Meantime… I’m toying with the idea of a small interview project with very long-term practitioners. I’d like to ask them to talk about the specific injuries or other pain they’ve experienced as advanced practitoners, the healing or change this brought, and the way such experiences over time have shaped their relationships with the practice.

It would be asking a lot. These can be seen as intimate questions. Writing this out, I realized that I had more to say than expected… and yet that the topic in my case is not terribly complex or elusive. Injury is worth de-mystifying, and de-mythifying, even if ultimately it’s beneficial to treat it philosophically as well.

Sometimes it’s easier not to put these things into words, and to let them go when they conclude as if they happened to another body. But insofar as the practice is the teacher, pain and injury are one mechanism of learning.

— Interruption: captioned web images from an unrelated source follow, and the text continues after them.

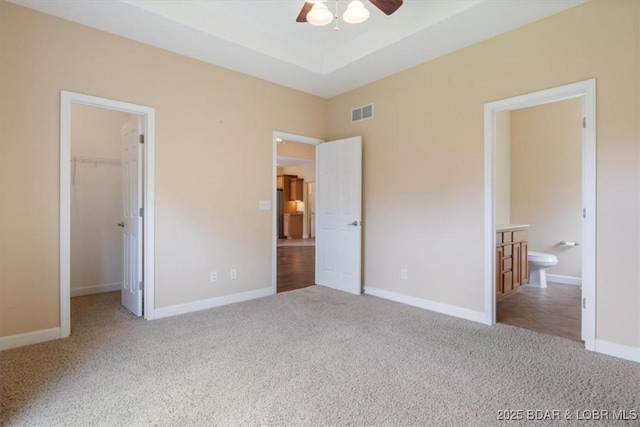 267 Cornett Branch Rd, Four Seasons, MO 65049 - unfurnished bedroom featuring carpet floors, a spacious closet, a closet, ensuite bath, and a ceiling fan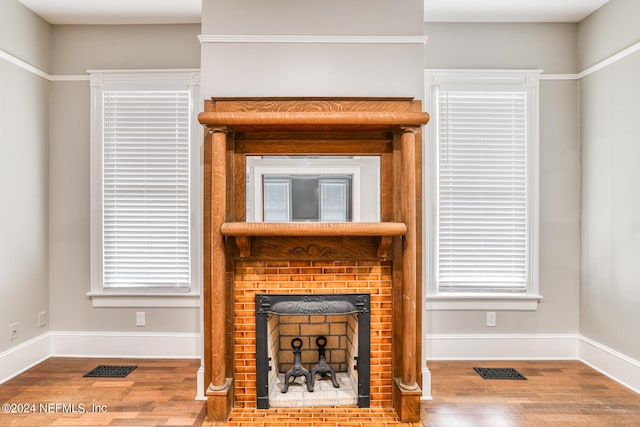 living room with hardwood / wood-style floors and a brick fireplace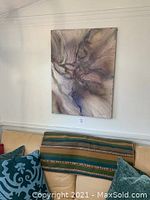 Full view of original acrylic on canvas painting titled "Interaction" by Geoffrey Armstrong, mounted on wall above couch.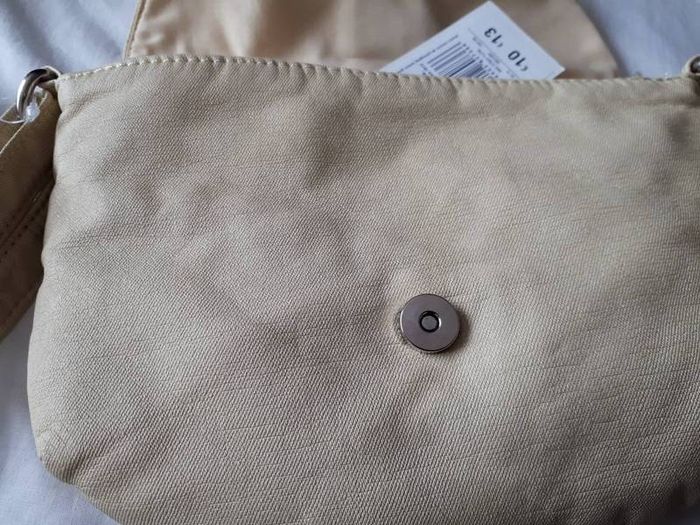New cross over bag tag attached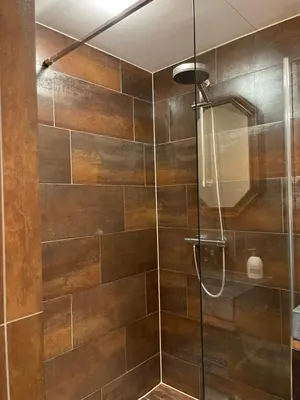 a bathroom with a shower with a glass door at Annet's Studio in Zandvoort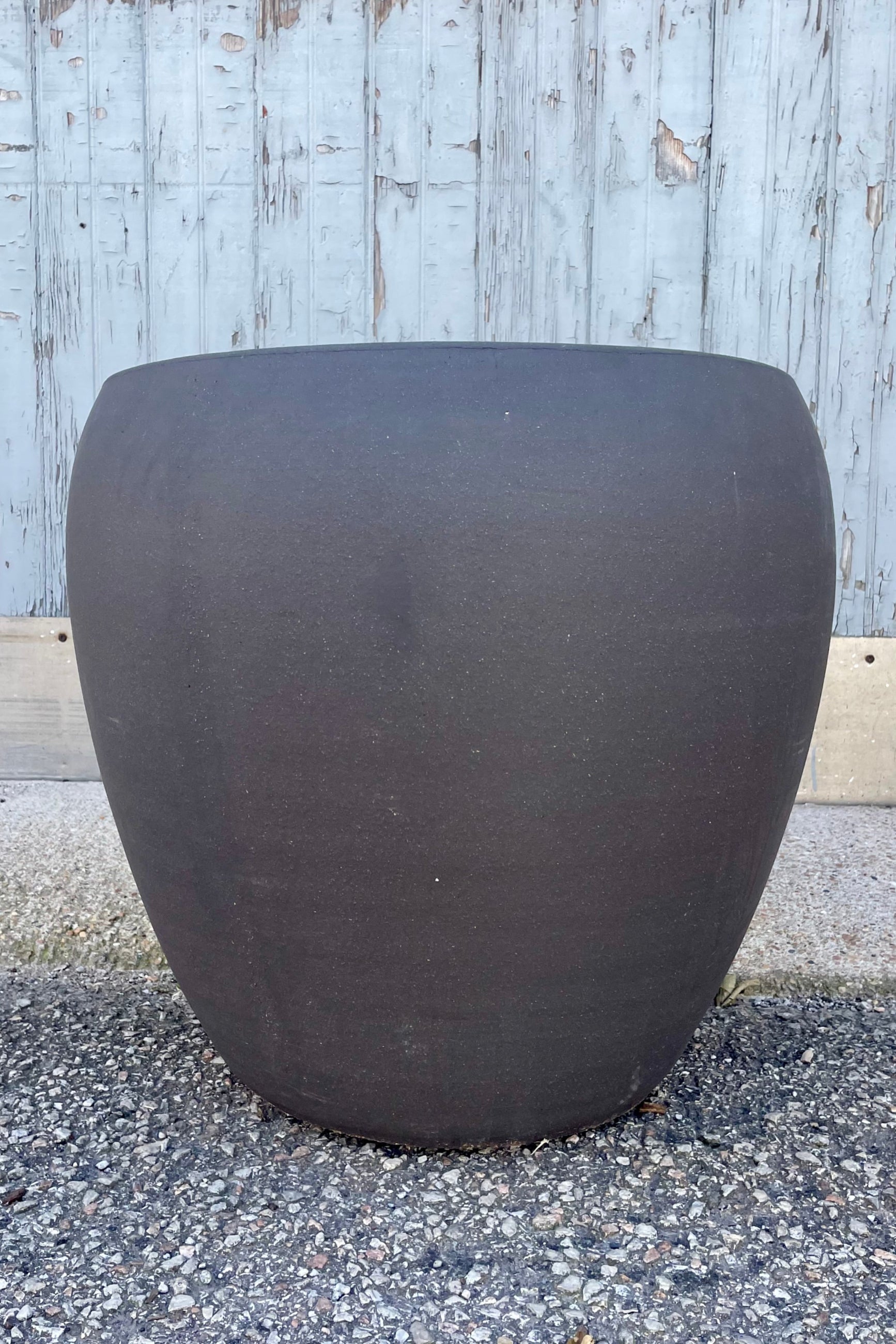 Photo of a rounded brown planter on a gravel surface in front of a textured wall ©Sprout Home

So, asking a few insightful old-timers to mark off some of their experience in words might help others, and add to an understanding of how this system can work. *If anyone reading would benefit from a project like this, your feedback is very welcome.

I imagine that the way pain and injury shape your relationship to practice depends heavily on your personality and the nature of the injury, so not every old-timer’s experience would resonate with every student.

I don’t know. With my modest experience, I can say that astanga practice has been often different in the presence of pain. For the past months, it’s been about inner “research” both physical and psycho-emotional, rather than the ecstatic, touching-the-infinite experiences that made me an addict. Pain has a way of taking up my attention, and I think that it’s a good idea to allow it do just that when it’s here.

Over time, this has changed my relationship to the practice more than I can say. I don’t think it’s made me more committed, but revealed that the habit was already set at the level of taken- for- grantedness and I’m as likely to quit this morning ritual as I am to give up brushing my teeth.

That said, when the tapas are low, practice puts me less “in touch with how I’ve been treating myself” lately (in Joel Kramer’s words). Practice becomes more a refuge than an inspiration to live the rest of the day at the ashtanga standard of clarity and openness.

I’m fine with it being a refuge for a while. For months, even doing third series, I’ve experienced this as a restorative practice. I’m not sure how to explain this, but here is a comparison. My partner has done some uncharacteristic “looking out for me” this summer: learning to receive a bit of nurturing from both sources has been interesting and good. And not easy.

Most of the time, practice teaches me that life is easy. This is what I love in the astanga disposition—lightness without flightiness, quietude without clenching, sincerity without seriousness—and I’ve been lucky to find teachers who don’t need to be either disciplinarians or care-takers. Thank god. But lately practice has shown me that life is difficult sometimes, and this doesn’t make me want to break up with astanga.

Struggle was here. It tapers off. The relationship goes on.